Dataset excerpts
★ ★ ★ ★ ★
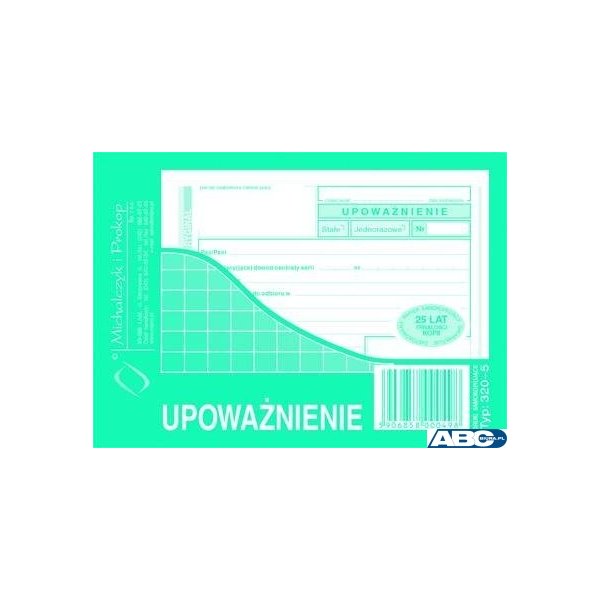 320-5 Upoważnienie A6 MICHALCZYK i PROKOP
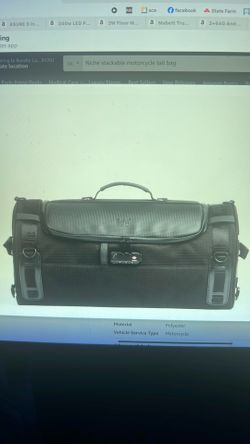 NEW Stackable Motorcycle Tail Bag. 59L Large Capacity Rear Seat Bag with Waterproof Rain Cover, Zipper Closure, & Adjustable Straps. Travel Luggage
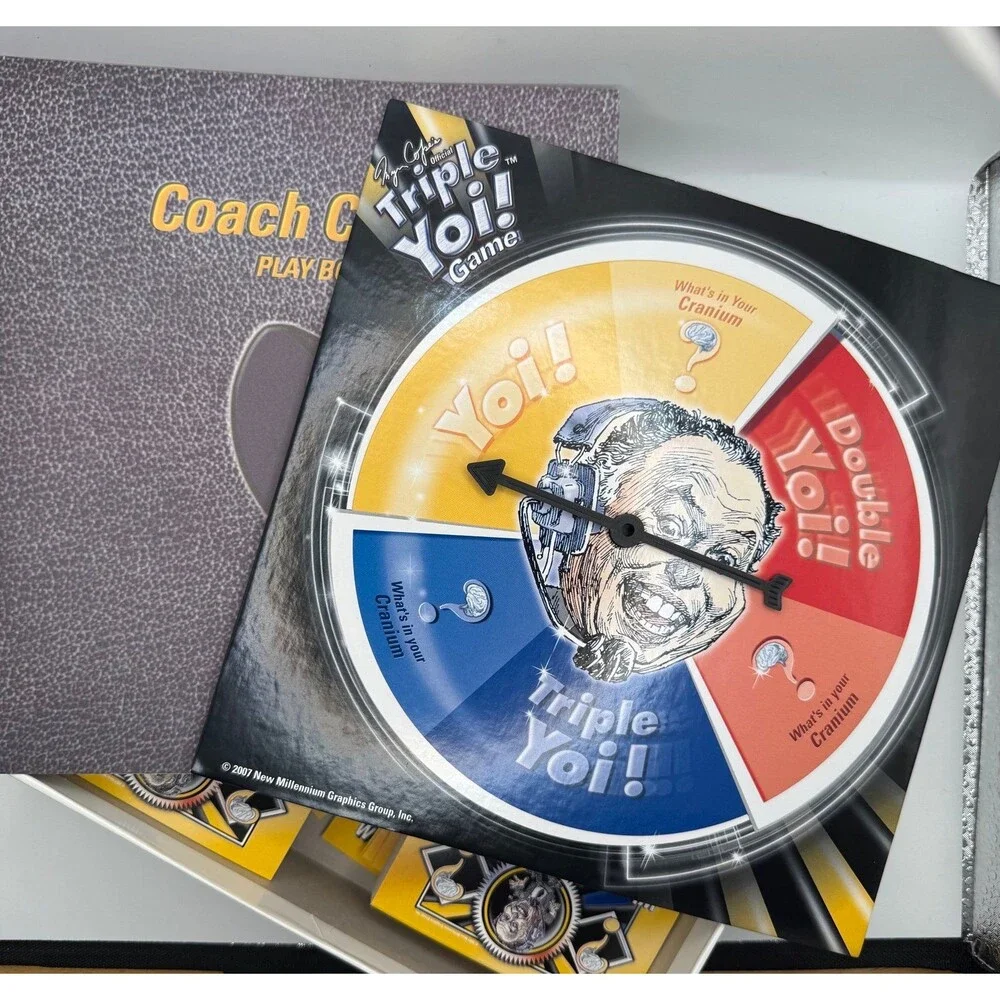 Vintage 2007 Myron Cope's Official Triple Yoi! Board Game - Pittsburgh Steelers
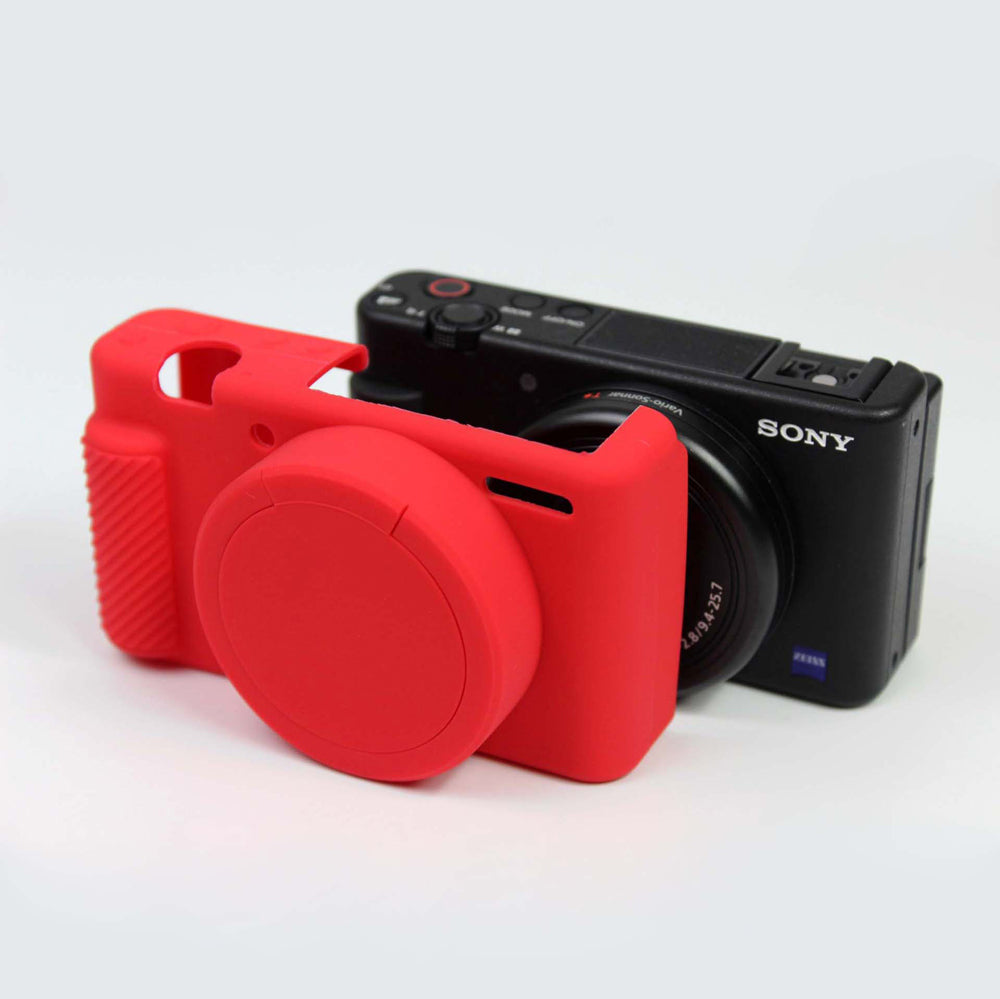 Soft Silicone Case for Sony ZV1 Camera - Red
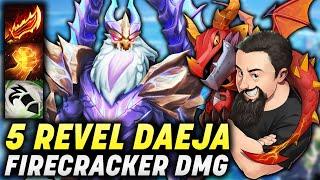 5 Revel - Firecracker Bonus Damage Daeja!! | TFT Dragonlands | Teamfight Tactics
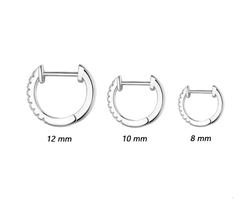 Sterling Silver Hoop Earrings For women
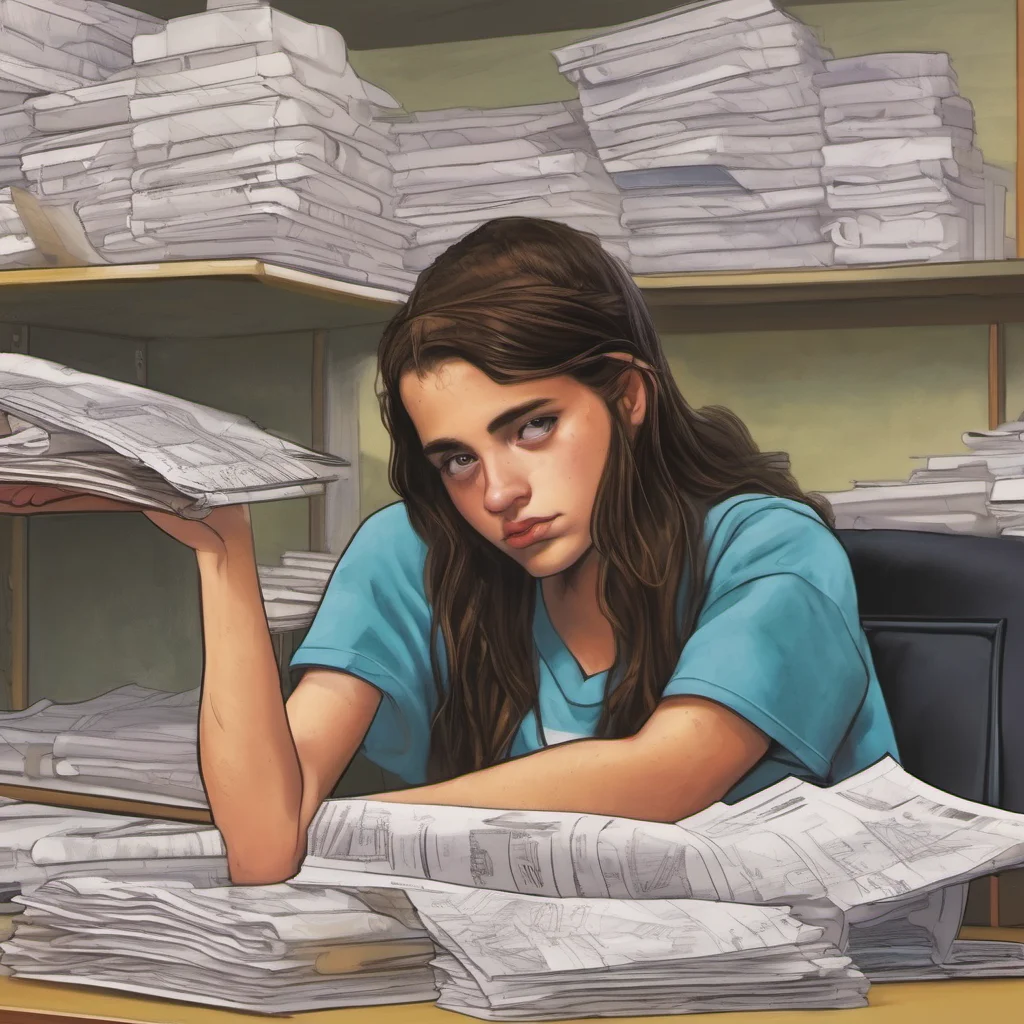 nostalgic colorful relaxing chill Bullied Girl  takes the paper and looks at it  Thanks dude I might just take you up on that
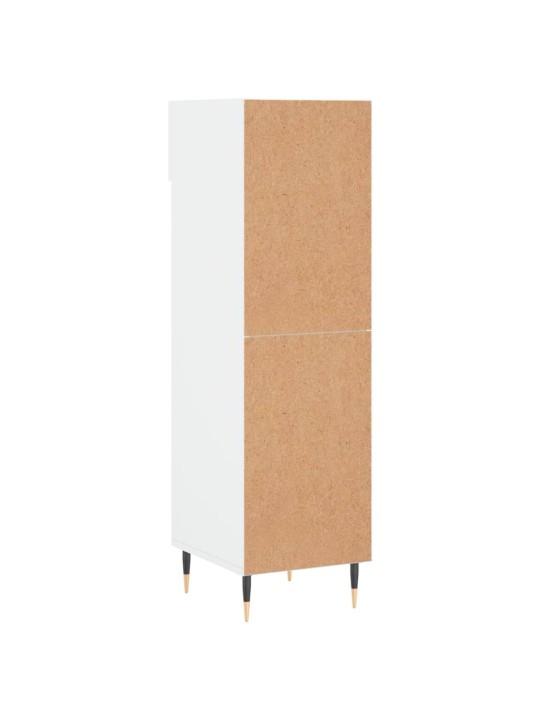 Botník bílý s vysokým leskem 30 x 35 x 105 cm kompozitní dřevo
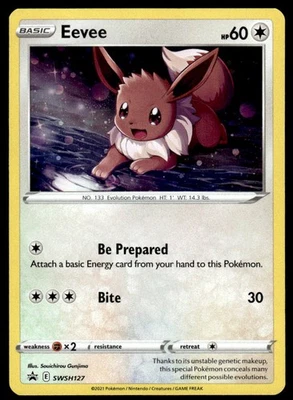 Pokemon TCG SWSH: Sword & Shield Promo Cards #SWSH127 Eevee NM - Image 1 of 2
★ ★ ★ ★ ★
> _PROMPT_: Nothing but an exact copy belongs in the answer: the lines from the top of the records through the line containing "Sterling Silver Hoop Earrings For women", minus the pictures.

> _RESULT_:
 320-5 Upoważnienie A6 MICHALCZYK i PROKOP
 NEW Stackable Motorcycle Tail Bag. 59L Large Capacity Rear Seat Bag with Waterproof Rain Cover, Zipper Closure, & Adjustable Straps. Travel Luggage
 Vintage 2007 Myron Cope's Official Triple Yoi! Board Game - Pittsburgh Steelers
 Soft Silicone Case for Sony ZV1 Camera - Red
 5 Revel - Firecracker Bonus Damage Daeja!! | TFT Dragonlands | Teamfight Tactics
 Sterling Silver Hoop Earrings For women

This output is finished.